**Directions:** Skip pictures in the listing below; copy exactly the lines from the one with "That's what I" through the one with "Once the appendix", inclusive.

**Material for this exercise:**
"""
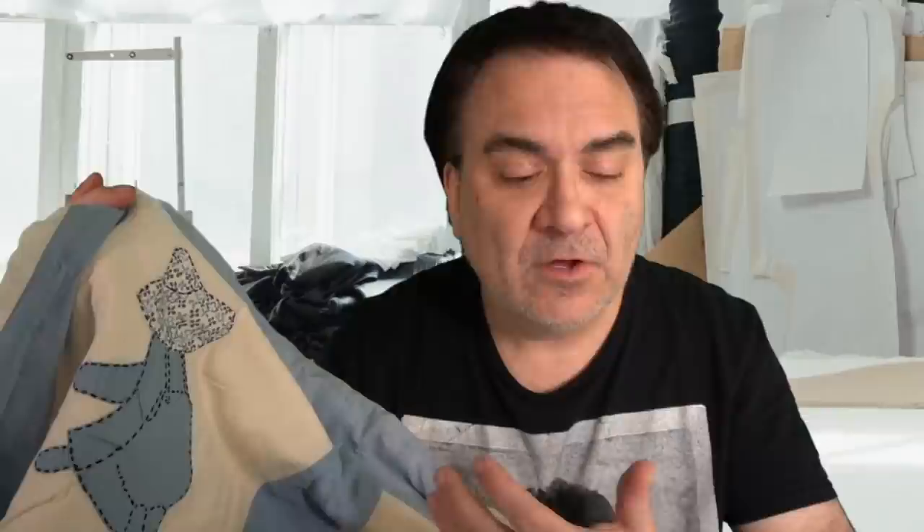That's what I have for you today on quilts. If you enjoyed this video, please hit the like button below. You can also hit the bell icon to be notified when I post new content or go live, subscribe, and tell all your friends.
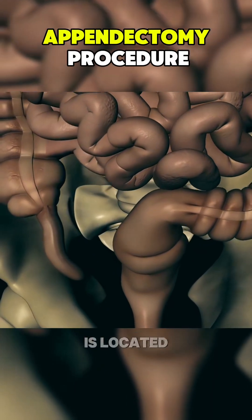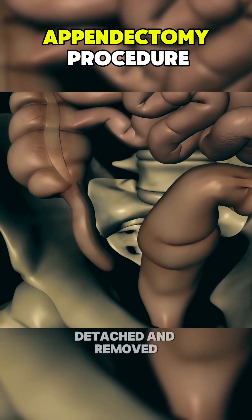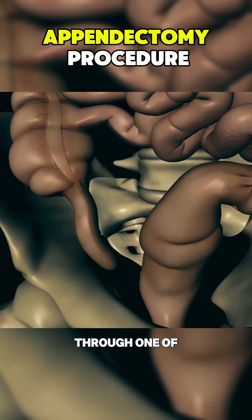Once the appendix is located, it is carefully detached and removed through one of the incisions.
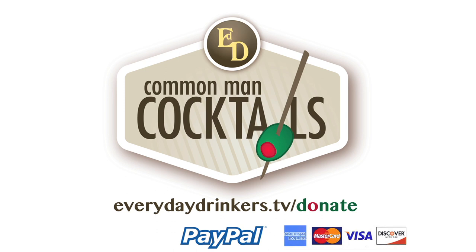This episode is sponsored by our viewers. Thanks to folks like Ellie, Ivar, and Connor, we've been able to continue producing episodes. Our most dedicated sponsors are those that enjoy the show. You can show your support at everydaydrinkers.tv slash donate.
"""
"""
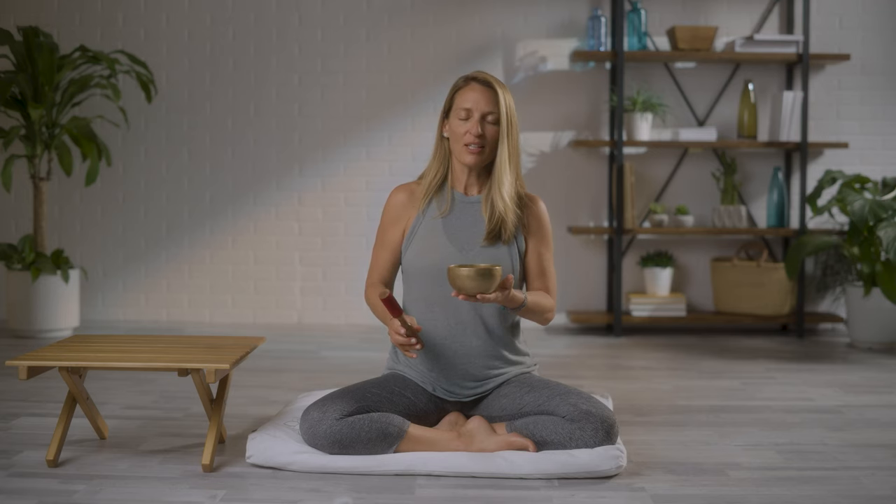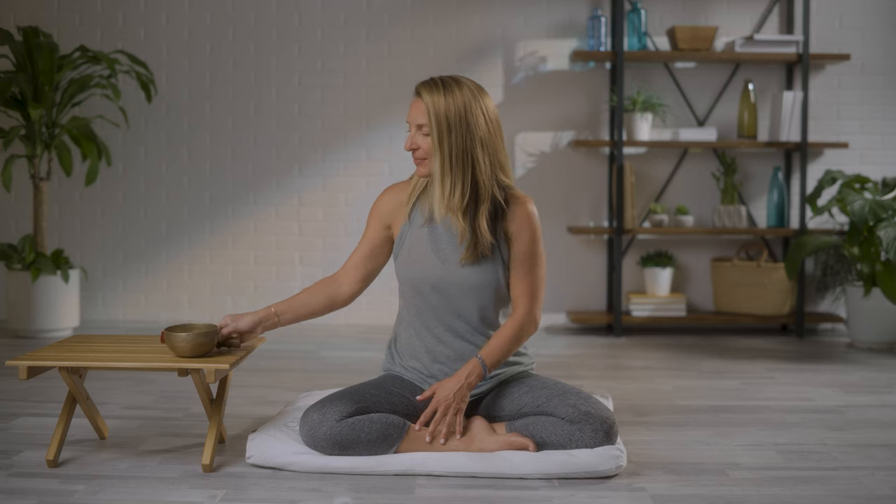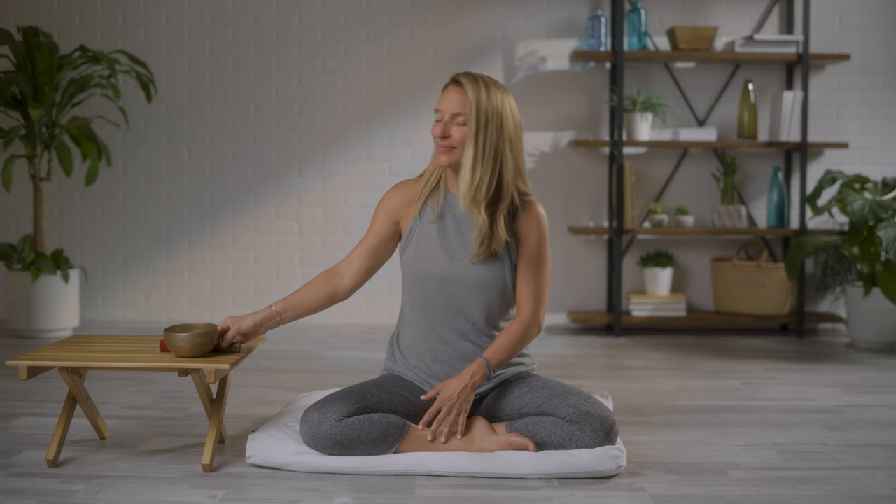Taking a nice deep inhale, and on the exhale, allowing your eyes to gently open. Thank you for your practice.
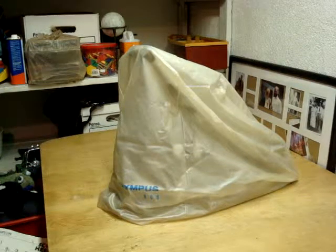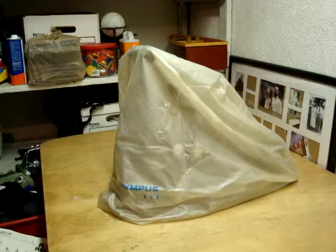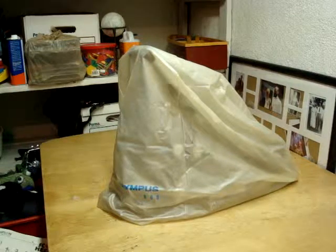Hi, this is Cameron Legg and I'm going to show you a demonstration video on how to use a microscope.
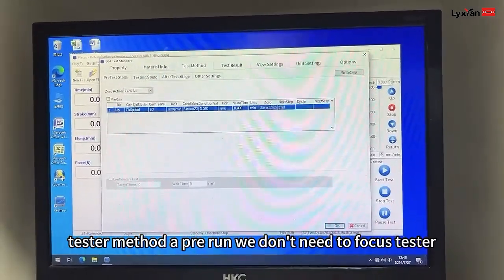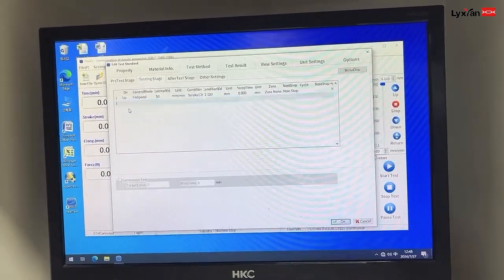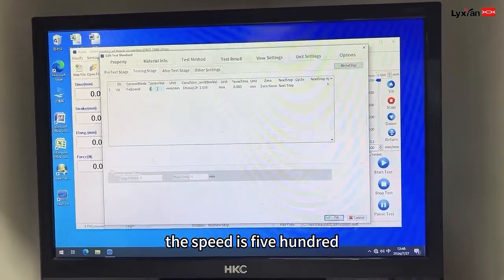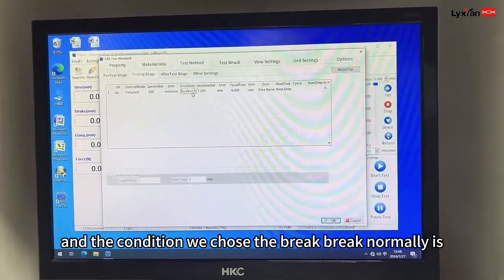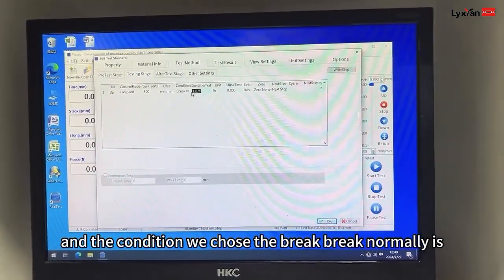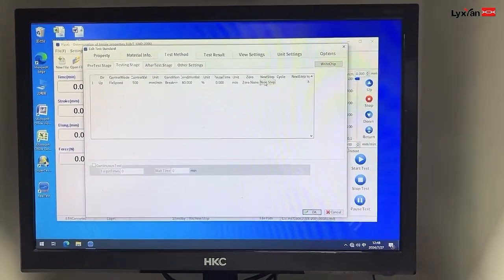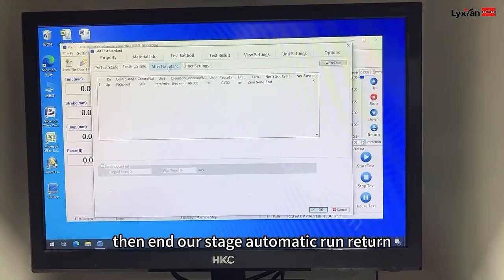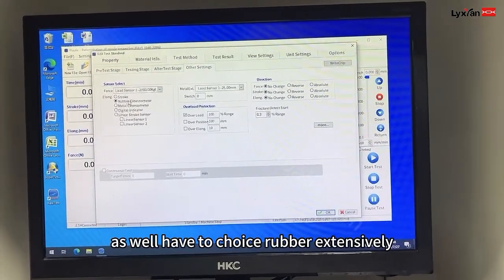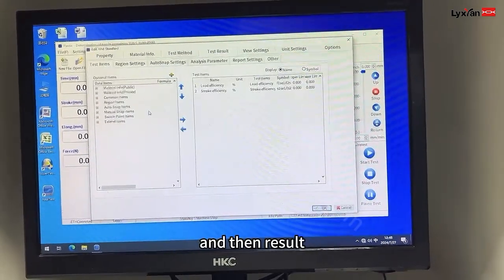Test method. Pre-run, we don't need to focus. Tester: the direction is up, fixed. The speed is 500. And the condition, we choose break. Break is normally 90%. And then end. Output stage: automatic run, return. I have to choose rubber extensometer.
"""
**Reply:**
That's what I have for you today on quilts. If you enjoyed this video, please hit the like button below. You can also hit the bell icon to be notified when I post new content or go live, subscribe, and tell all your friends.
Once the appendix is located, it is carefully detached and removed through one of the incisions.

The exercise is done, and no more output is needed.